I'm pretty inexperienced in c++, and I wrote the following code to see how characters and strings work.
#include "stdio.h"
#include <iostream>
#include <string>
using namespace std;
int main()
{
char asdf[] = "hello";
char test[5] = {'h','e','l','l','o'};
cout << test;
}
I was expected it to output "hello", but instead I got "hellohello", which is really puzzling to me. I did some experimenting:
If I change the asdf to another string of a different length, it outputs "hello" normally.
If I change the amount of characters in test it outputs "hello" normally.
I thought this only happened when the two were the same length, but when I change them both to "hell" it seems to output "hell" normally.
To make things more confusing, when I asked a friend to run this code on their computer, it outputted "hello" and then a random character.

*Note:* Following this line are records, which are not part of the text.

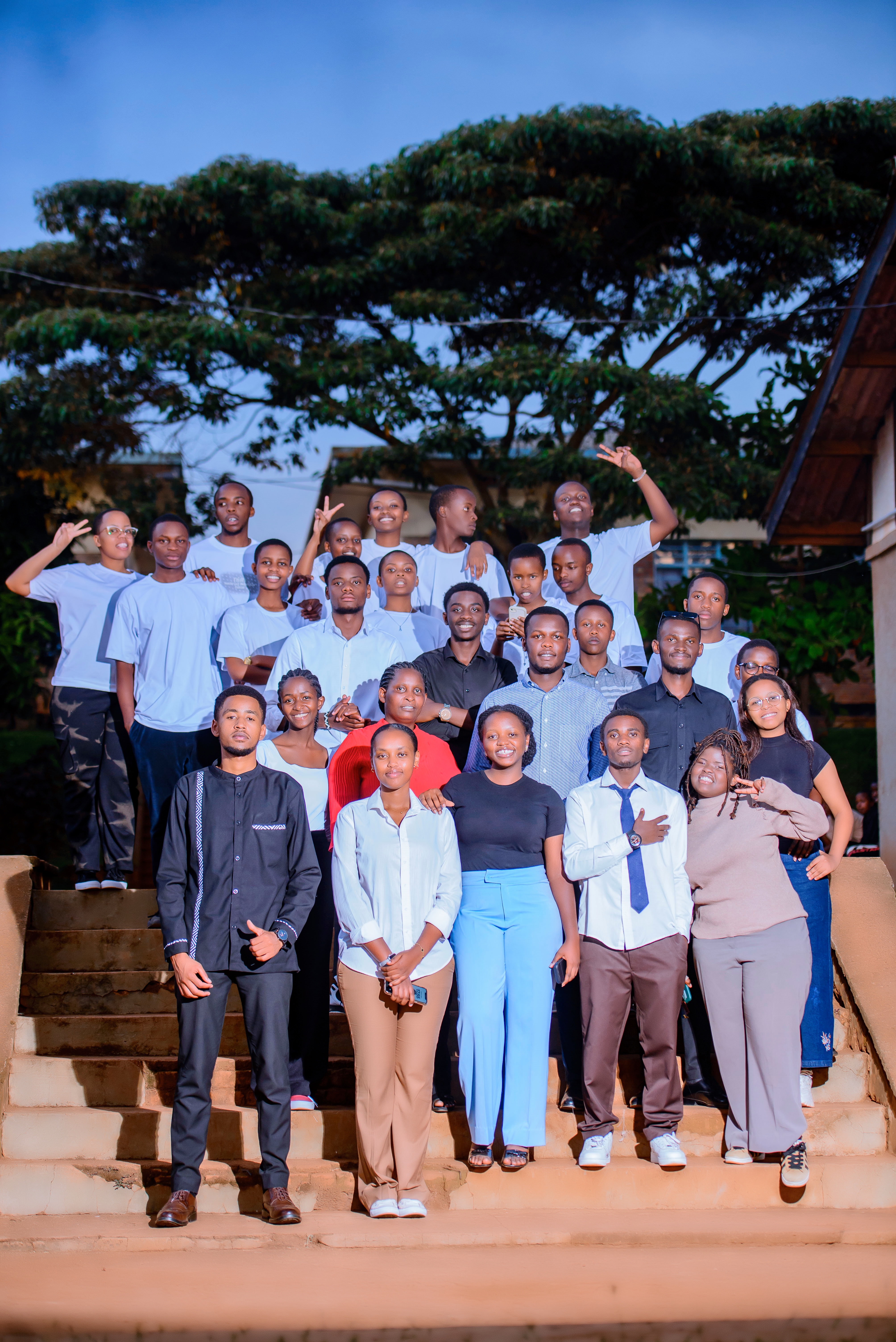 BESTIM Celebrates 5th Anniversary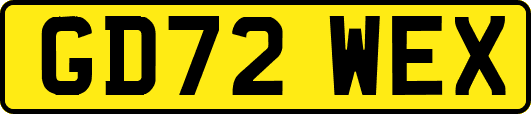 GD72WEX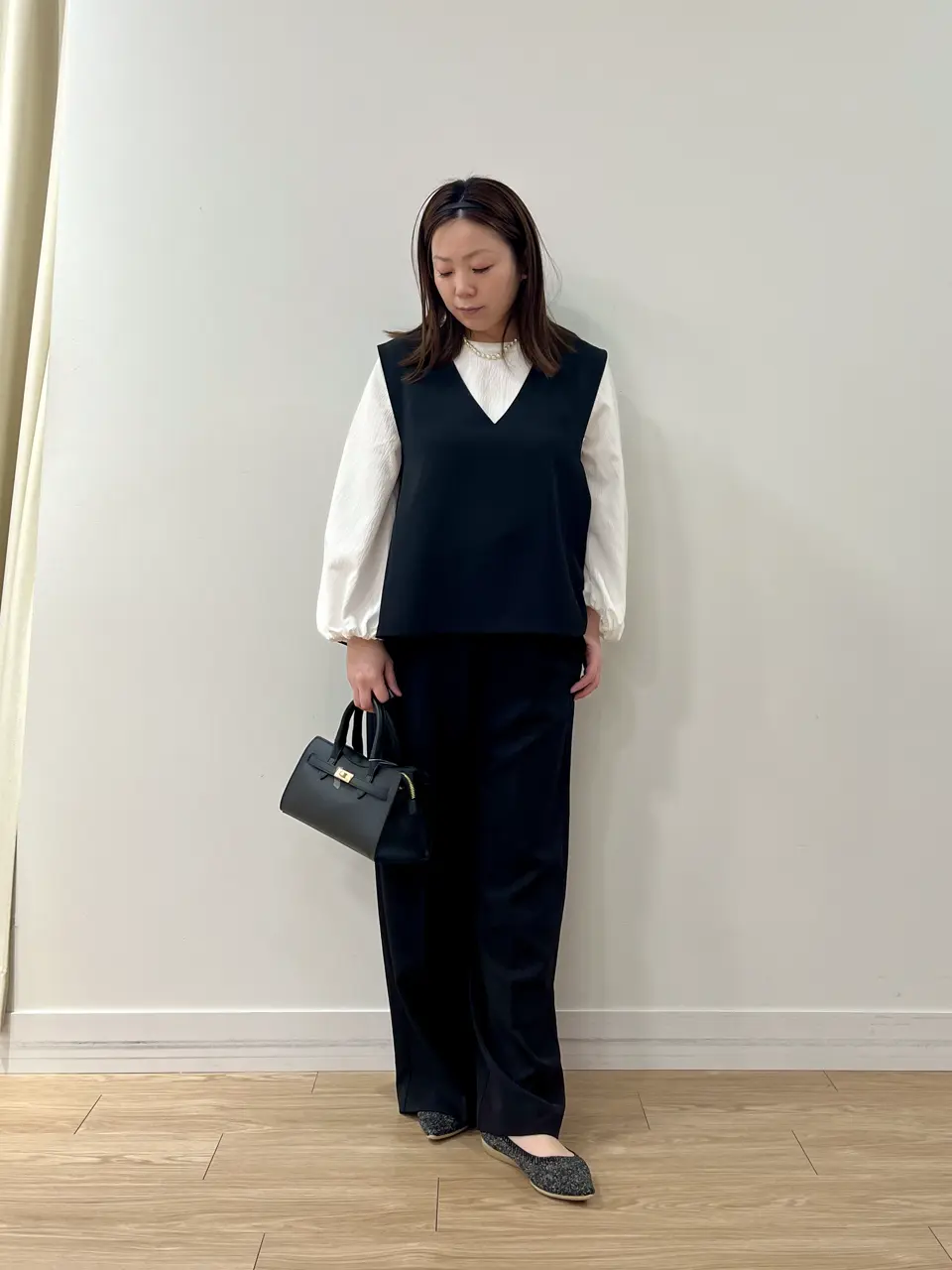  渡邉 コーディネート画像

I'm running a fresh install of code blocks on Ubuntu. Anyone have any idea what is going on here?
This is undefined behaviour.
Raw char* or char[] strings in C and C++ must be NULL-terminated. That is, the string needs to end with a '\0' character. Your test[5] does not do that, so the function printing the output continues after the last o, because it is still looking for the NULL-termination.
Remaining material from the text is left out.